Entrevista com Peter Kember, aliás Sonic Boom

A viver em Sintra por paixão, falámos com Peter Kember, compositor e músico de rock alternativo, vocalista de bandas como os Spaceman 3, ou atuando a solo como Sonic Boom.

Quem é o Peter Kember?

Nasci em 19 de novembro de 1965 e sou também conhecido pelo meu nome artístico, e sou cantor e produtor. Fui fundador, membro, vocalista e guitarrista da banda de rock alternativo Spaceman 3, que durou de 1982 até 1991, data da sua dissolução. Presentemente vivo em Sintra.

Fiz a produção do aclamado álbum dos MGMT Congratulations, dos álbuns dos Panda Bear Tomboy, e Panda Bear Meets the Grim Reaper, e de sete álbuns dos Beach House, entre mais de cem gravações e cd’s.

A solo, e como Sonic Boom, lancei Spectrum and E.A.R. (Experimental Audio Research), e toquei ao vivo com todos eles. Mais recentemente, entre 2008 e 2011, como Spectrum, sendo as aparições como Sonic Boom em promoção do LP All Things Being Equal, com que fiz tours na América e Europa. Toquei e colaborei também com inúmeros artistas, como Delia Derbyshire, Kevin Shields, The Silver Apples, Stereolab and Yo La Tengo.

Como nasceu o interesse pela música, e em particular pelo teu estilo de música?

Creio que tal como muitas pessoas nascidas nos sixties, as minhas memórias musicais vêm da rádio, sobretudo da rádio que se ouvia nos carros. Os meus pais também tocavam em casa, e artistas como os Beatles, Beach Boys, Buddy Holly, Sam Cooke & the Kinks foram alguns dos meus favoritos na época.

Quando tinha treze anos, interessei-me por modulações de repetição e minimalismo, quando andava na escola em Rugby, Inglaterra. Comecei a achar que tinha uma forte atração por música que usa drones, e que tem uma nota em comum com todas as cordas usadas. Percebi que muitas das minhas músicas favoritas continham esse fenómeno, e achei que era um território onde me poderia aventurar e trabalhar. Tenho também uma forte memória da música dos Dr Who, e como, quando criança, ela me transfigurava e aterrorizava. Ainda hoje me deixa os cabelos em pé, era um poderoso medicamento para uma criança daquele tempo.

Fala-nos um pouco da tua carreira até ao presente

Não lhe chamaria carreira, será mais um ver-me no retrovisor, acho eu. Nunca diferenciei a música da minha vida, e não olho para ela como trabalho. Aliás, considero-me empregado de mim mesmo.

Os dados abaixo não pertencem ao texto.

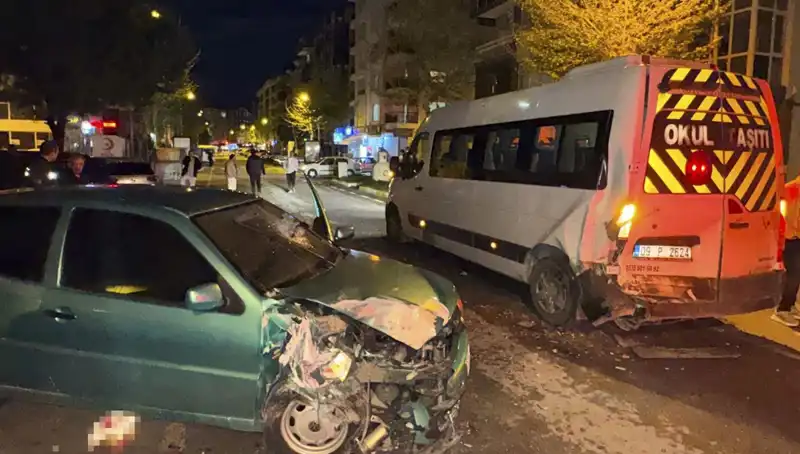 Otomobil Servis Minibüsüne Çarptı: 6 Yaralı, Kaza Anı Şok Edici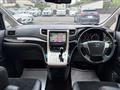 2013 Toyota Vellfire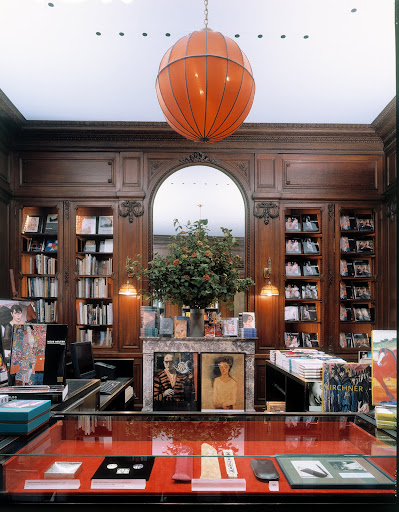 This is a shot of the book store. I could spend hours here browsing the gallery's collection of art and design titles! And once again, the space is truly beautiful.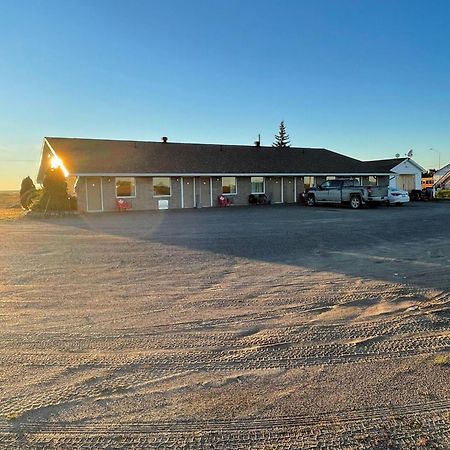 Earlton Motel Екстер'єр фото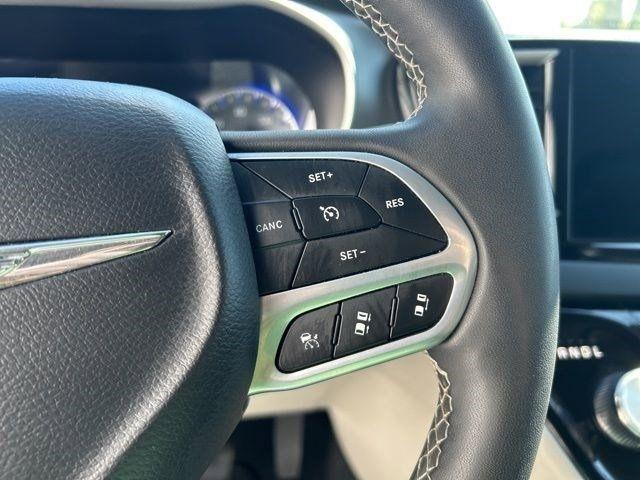 Chrysler Pacifica  2023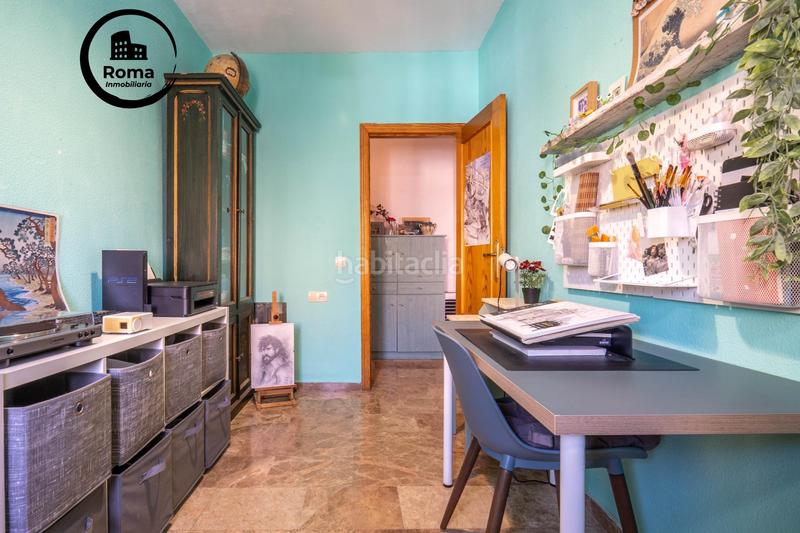 Foto a94b18c0-56ca-42e8-ac53-f32b4f002c4f. Piso en venta piso en el centro haciendo esquina en Cúllar Vega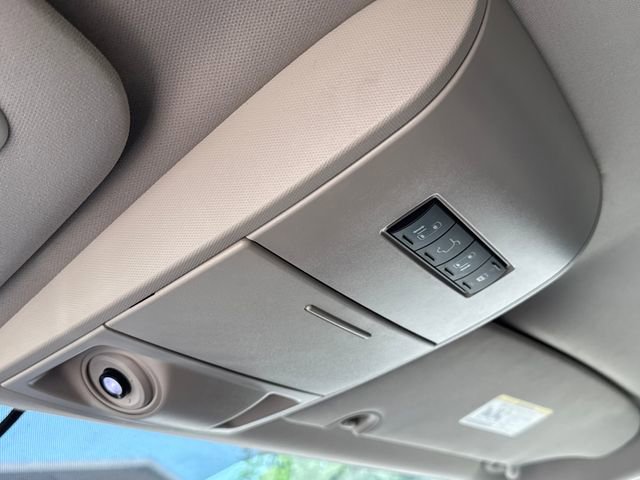 Used 2013 Chrysler Town & Country Touring FWD image 29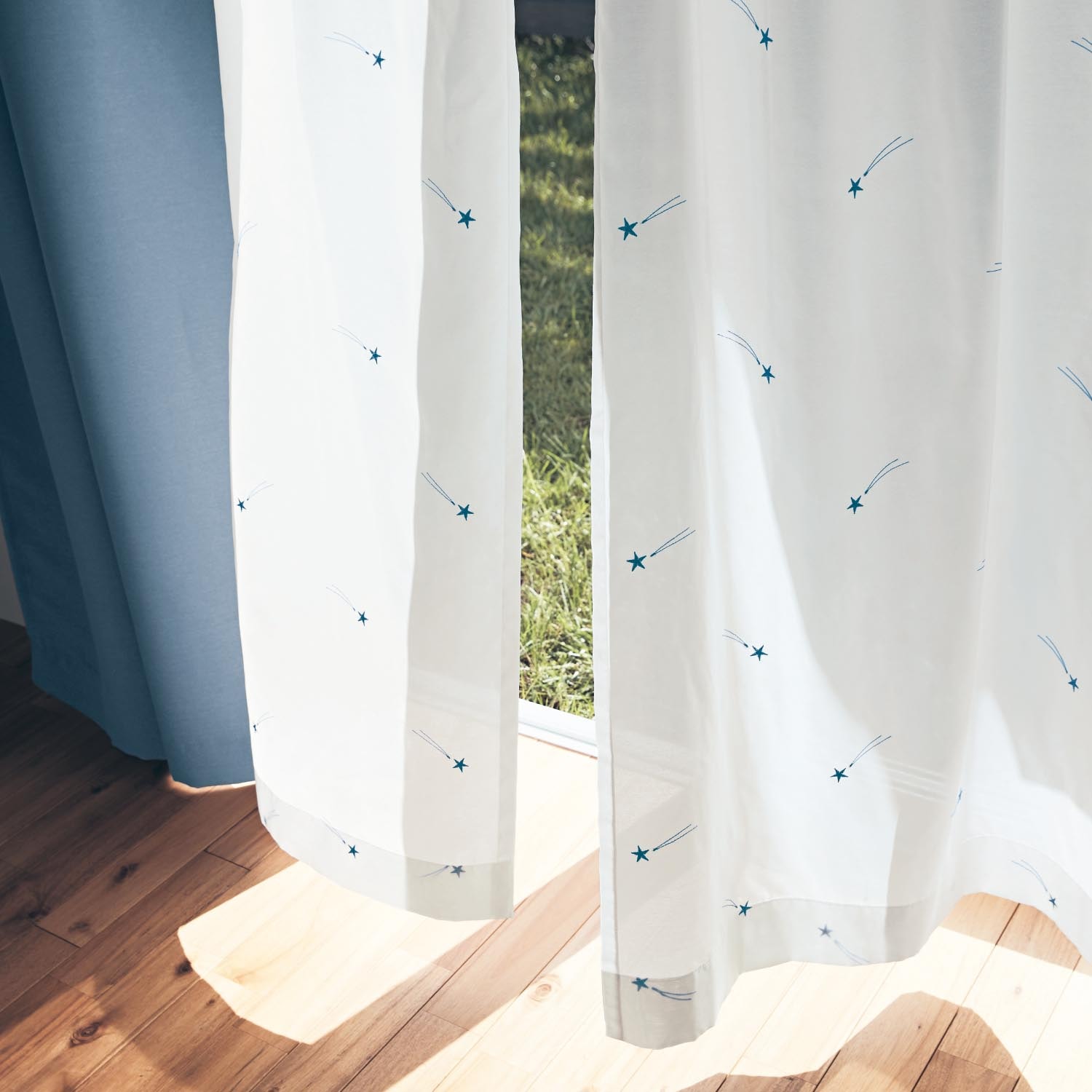 【ベルメゾン】刺繍のUVカットボイルカーテン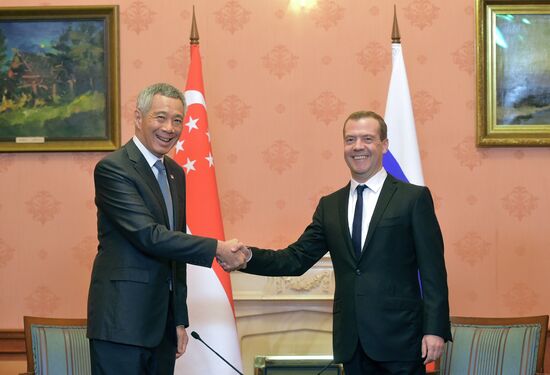Russian Prime Minister Dmitry Medvedev meets with Prime Minister of Singapore Lee Hsien Loong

O meu modus operandi consiste em trabalhar, mas sem repetir sistematicamente a mesma coisa. A minha natureza é ser fiel a um registo, mas reconheço que a variedade tem produzido os meus melhores resultados. Verdadeiramente, gosto da variedade com que trabalho, e creio obter e aprender muito quando trabalho com outros artistas com os quais me sinto em sintonia.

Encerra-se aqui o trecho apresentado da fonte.